Когда я вошел в залу, они все были там. Рассаживаясь по местам, гомонили, как стая птиц на ветках.
– И что же послужило причиной столь славного собрания? – спросил я. Ибо знал, что собрание будет, но не знал зачем.
– Мордред обещал поведать нам тайну своего рождения, – радостно сказал сэр Гавейн.
– В-воистину удив-вительная история, – подхватил сэр Саграмор.
Он известил их всех заранее, оказывается, и велел держать все в тайне до последнего, дабы удивить меня и обрадовать нежданным увеселением.
Сейчас он объявит во всеуслышанье, что он мой внебрачный сын, паскуда.

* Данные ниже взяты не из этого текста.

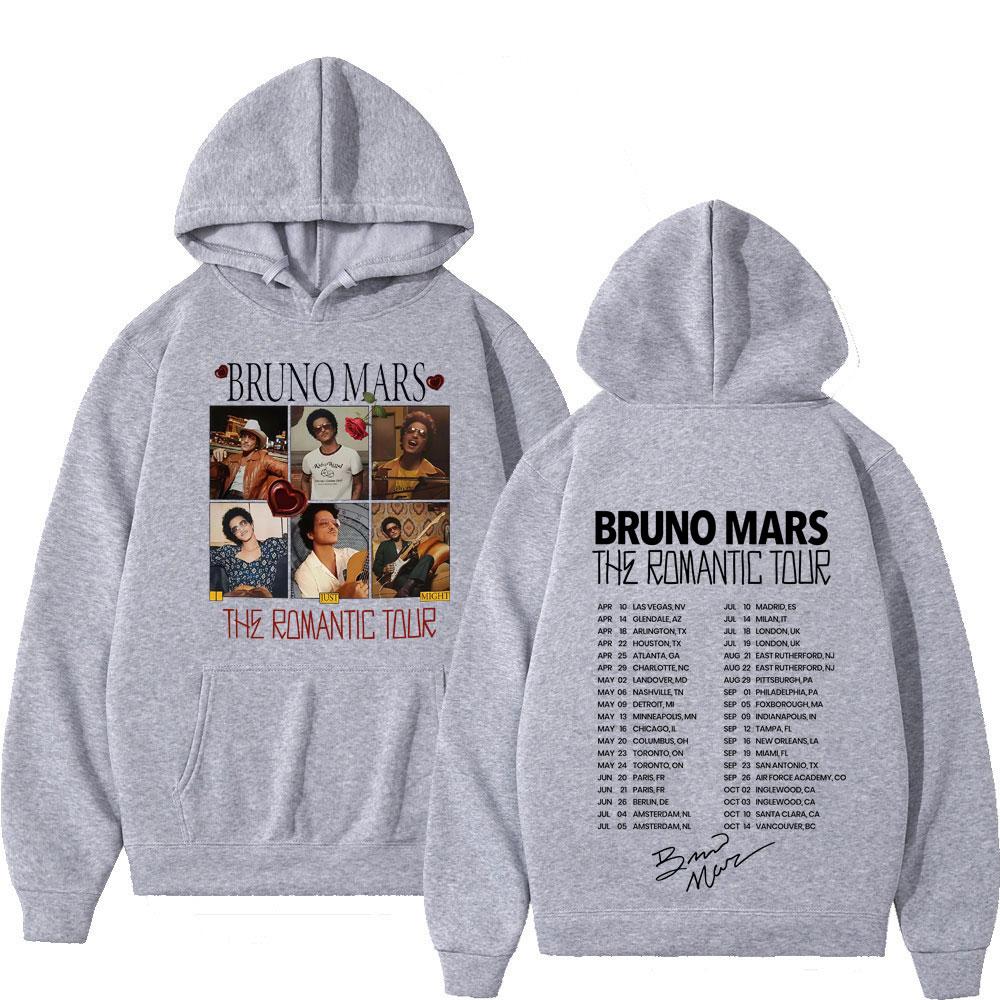 Bruno Mars The Romantic Tour Felpa Uomo Donna Moda Felpe Maniche Lunghe Pullover Regali per Fan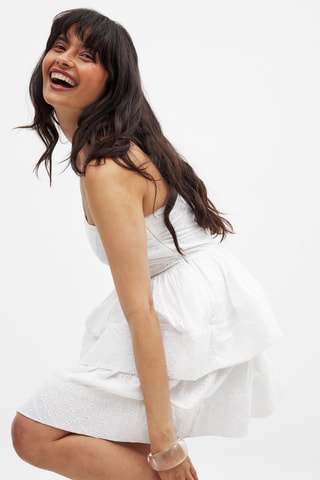 Strapless jurk met borduursels - Wit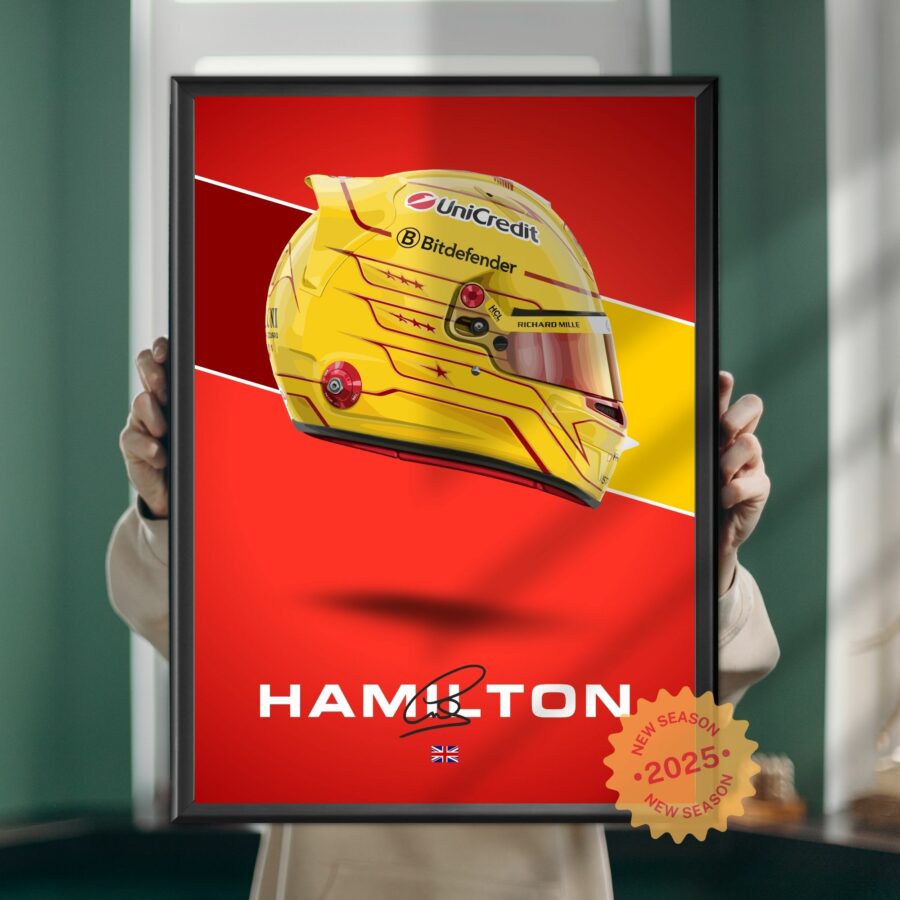 Lewis Hamilton 2025 Helmet Poster, F1, Formula 1, Ferrari, F1 Merch, Poster, Print, Wall Art, Scuderia Ferrari from the Ferrari F1 Memorabilia store collection.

Зала тонула в полумраке, поленья в камине переливались синевой и багрянцем, сквозняк пластал язычки свечного пламени.
Королева уже была здесь, она сидела на возвышении, как белый призрак. Надо будет поработать с ней плотнее – последнее время мне как-то не до нее, а они расстраиваются, если не выполняют свою программу.
Мордред, затянутый в черное, выглядел очень элегантно. Я сел, и у меня забурчало в животе. В тишине звук был слышен особенно отчетливо. Мордред покосился на меня и усмехнулся.
– …И тогда Моргана, дева озера, увела меня в свое королевство…
– Что-то не видел я здесь никакой Морганы, – сэр Персиваль.
– Воистину чудеса тут случаются на каждом шагу! – сэр Гавейн.
– …В свое тайное королевство, и я там воспитывался, э… втайне… пока она не решила, что пришла мне пора предстать ко двору Камелота, и я…
Воздух над Круглым столом сгустился и замерцал. Сияющая чаша возникла в его сердцевине и осталась там, бросая пульсирующий свет на изумленные лица рыцарей. Она была прекрасна. По ободу ее шли алые, точно голубиная кровь, кабошоны, на опояске изгибалась золотая лоза. Ее появление сопровождала тихая музыка.